Helping Your Child Learn Mathematics
with Activities in Preschool thru Age 5

During summer vacations, on rainy days, while waiting at the doctor's office or on a stroll through the neighborhood, learning never ends. Children can explore some fascinating mathematical possibilities in the world around them every day. For instance, math can be found outdoors in nature: Look for symmetry in leaves; count the number, sizes and kinds of trees on your street; and look at the various shapes and patterns of blooming flowers. Children will be learning math and enjoying it, too! The activities in this section can be done anytime and anywhere.

Although parents can be a positive force in helping children learn math, they also can undermine their children's math ability and attitudes by saying things such as: "Math is hard," or "I'm not surprised you don't do well in math, I didn't like math either when I was in school," or "I wasn't very good in math and I'm a success, so don't worry about doing well." Although you can't make your child like math, you can encourage her to do so, and you can take steps to ensure that she learns to appreciate its value both in her everyday life and in preparing for her future. You might point out to her how fortunate she is to have the opportunity to learn mathematics today-when mathematics knowledge can open the door to so many interesting and exciting possibilities.

In everyday interactions with children, there are many things that parents can do-and do without lecturing or applying pressure-to help children learn to solve problems, to communicate mathematically and to demonstrate reasoning abilities. These skills are fundamental to learning mathematics. Let's look closely at what it means to be a problem solver, to communicate mathematically and to demonstrate mathematical reasoning ability.

A problem solver is someone who questions, finds, investigates and explores solutions to problems; demonstrates the ability to stick with a problem to find a solution; understands that there may be different ways to arrive at an answer; and applies math successfully to everyday situations. You can encourage your child to be a good problem solver by including him in routine activities that involve math-for example, measuring, weighing, figuring costs and comparing prices of things he wants to buy.
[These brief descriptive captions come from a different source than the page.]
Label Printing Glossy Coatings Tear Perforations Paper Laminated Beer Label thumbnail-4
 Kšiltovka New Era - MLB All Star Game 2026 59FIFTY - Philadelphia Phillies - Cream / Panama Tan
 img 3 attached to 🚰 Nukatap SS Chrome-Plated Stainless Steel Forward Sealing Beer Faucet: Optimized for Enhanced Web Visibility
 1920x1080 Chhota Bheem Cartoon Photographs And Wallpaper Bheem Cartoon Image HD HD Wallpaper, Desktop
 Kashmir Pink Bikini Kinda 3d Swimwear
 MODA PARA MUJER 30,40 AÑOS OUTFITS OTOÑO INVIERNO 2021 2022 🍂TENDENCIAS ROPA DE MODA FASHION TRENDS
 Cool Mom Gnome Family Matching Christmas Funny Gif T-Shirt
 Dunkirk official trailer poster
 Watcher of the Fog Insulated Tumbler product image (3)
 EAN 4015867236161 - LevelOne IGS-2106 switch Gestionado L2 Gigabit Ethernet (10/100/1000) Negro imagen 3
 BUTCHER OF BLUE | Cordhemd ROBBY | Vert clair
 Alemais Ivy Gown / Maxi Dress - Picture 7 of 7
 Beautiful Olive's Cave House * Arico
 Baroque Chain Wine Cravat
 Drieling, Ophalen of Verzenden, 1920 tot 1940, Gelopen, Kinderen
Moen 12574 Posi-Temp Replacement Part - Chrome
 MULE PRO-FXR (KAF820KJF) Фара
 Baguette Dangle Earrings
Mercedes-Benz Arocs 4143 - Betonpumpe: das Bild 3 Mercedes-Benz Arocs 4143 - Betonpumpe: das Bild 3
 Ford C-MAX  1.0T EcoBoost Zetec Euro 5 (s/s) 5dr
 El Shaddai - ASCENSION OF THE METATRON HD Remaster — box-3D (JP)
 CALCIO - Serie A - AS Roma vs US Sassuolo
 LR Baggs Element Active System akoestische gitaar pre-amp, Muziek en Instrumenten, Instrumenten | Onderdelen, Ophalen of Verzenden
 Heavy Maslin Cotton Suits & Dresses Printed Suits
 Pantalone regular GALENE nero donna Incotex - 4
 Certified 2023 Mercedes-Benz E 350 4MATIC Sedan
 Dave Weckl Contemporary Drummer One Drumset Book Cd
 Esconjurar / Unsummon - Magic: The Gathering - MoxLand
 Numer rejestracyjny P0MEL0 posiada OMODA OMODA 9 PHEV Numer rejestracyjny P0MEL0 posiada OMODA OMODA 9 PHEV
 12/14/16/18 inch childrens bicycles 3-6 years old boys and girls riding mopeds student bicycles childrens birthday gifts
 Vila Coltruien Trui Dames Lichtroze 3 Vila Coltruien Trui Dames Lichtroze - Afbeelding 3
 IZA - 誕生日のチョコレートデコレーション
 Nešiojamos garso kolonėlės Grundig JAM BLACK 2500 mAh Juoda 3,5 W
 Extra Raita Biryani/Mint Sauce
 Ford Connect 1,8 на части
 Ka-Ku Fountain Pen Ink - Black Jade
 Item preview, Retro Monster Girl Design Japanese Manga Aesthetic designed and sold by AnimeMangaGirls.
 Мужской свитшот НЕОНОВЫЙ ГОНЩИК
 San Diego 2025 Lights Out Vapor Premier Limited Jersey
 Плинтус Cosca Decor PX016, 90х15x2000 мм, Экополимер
To communicate mathematically means to use mathematical language, numbers, charts or symbols to explain things and to explain the reasoning for solving a problem in a certain way, rather than just giving the answer. It also means careful listening to understand others' ways of thinking and reasoning. You can help your child learn to communicate mathematically by asking her to explain what she must do to solve a math problem or how she arrived at her answer. You could ask your child to draw a picture or diagram to show how she arrived at the answer

Mathematical reasoning ability means thinking logically, being able to see similarities and differences in objects or problems, making choices based on those differences and thinking about relationships among things. You can encourage your child's mathematical reasoning ability by talking frequently with him about these thought processes.